I could be wrong though, but this is just some observed behaviour that I've finally been able to pinpoint.

Re: Suggestion for System Status

Posted: Wed Jul 03, 2013 9:32 am
by sreinhardt
Actually, both the system status page, and the check marks in the upper right should show the status of npcd. It should be the second from the left, under performance grapher. Also while npcd is stopped temporarily if max load is reached it should not be indefinitely stopped at this point. It sounds more like it is closing improperly and the pid file that we check for status is not getting removed. I am not sure if the logic is there or not, but along the same lines it would probably be a good idea for us to take that pid file and verify the process is actually running instead of blindly accepting that.

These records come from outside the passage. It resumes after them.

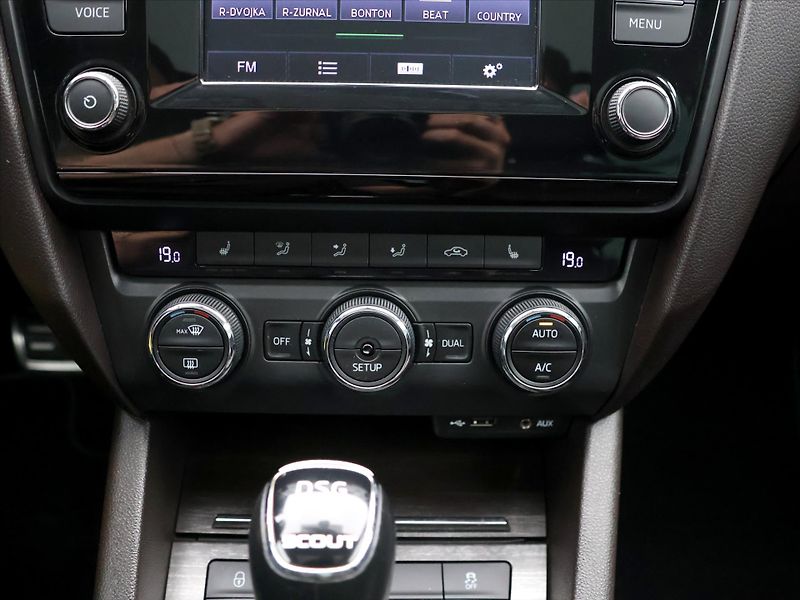 Škoda Octavia 2.0 TDI 135kW DSG Scout Xenon - fotka 20 z 28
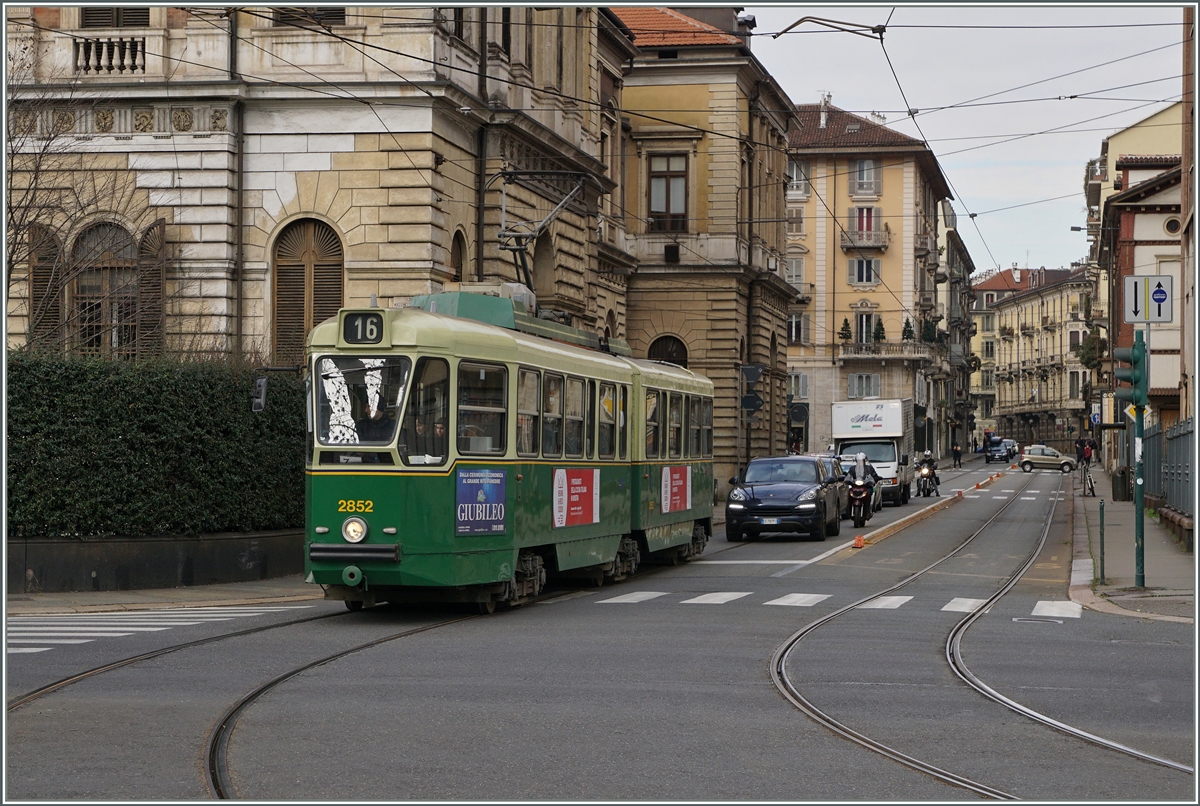 Kurz vor dem Po, von der Corso Sommeiller kommend und in den Corso Massimo D'Azeglio einbiegend, ändert die Linie 16 ihre Richtung um 90 °; der Tramwagen 2852 nimmt gerade die Kurve in Angriff. Der Tramwagen gehört zur Serie 2000, 1 Serie, die 1958-1960 aus alten aus den 1930ern stammenden Wagen aufgebaut wurden.
9. März 2016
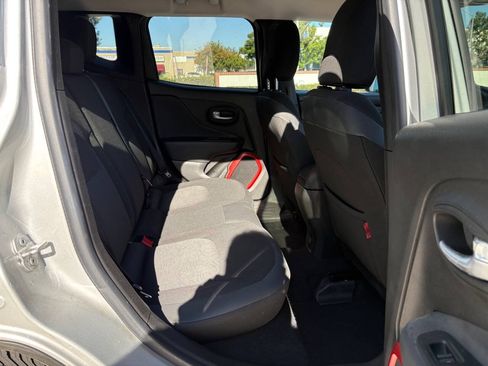 Used 2017 Jeep Renegade Trailhawk AWD/4WD image 18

Re: Suggestion for System Status

Posted: Thu Jul 04, 2013 5:49 pm
by Box293
I think I've seen both behaviours in relation to the system status. Becuase I've only come across the problem about every 4-6 months my memory isn't the best lol. But I do remember in the past the performance grapher icon being the exclamation mark, and this most recent one it was a tick.

As you say, it's probably related to the logic around the pid file and improving on what already exists.

Re: Suggestion for System Status

Posted: Mon Jul 08, 2013 10:44 am
by sreinhardt
Ha, good old memory! I'll take a look into the logic of how we are checking to verify. Maybe we can make some changes to it if the logic isn't there!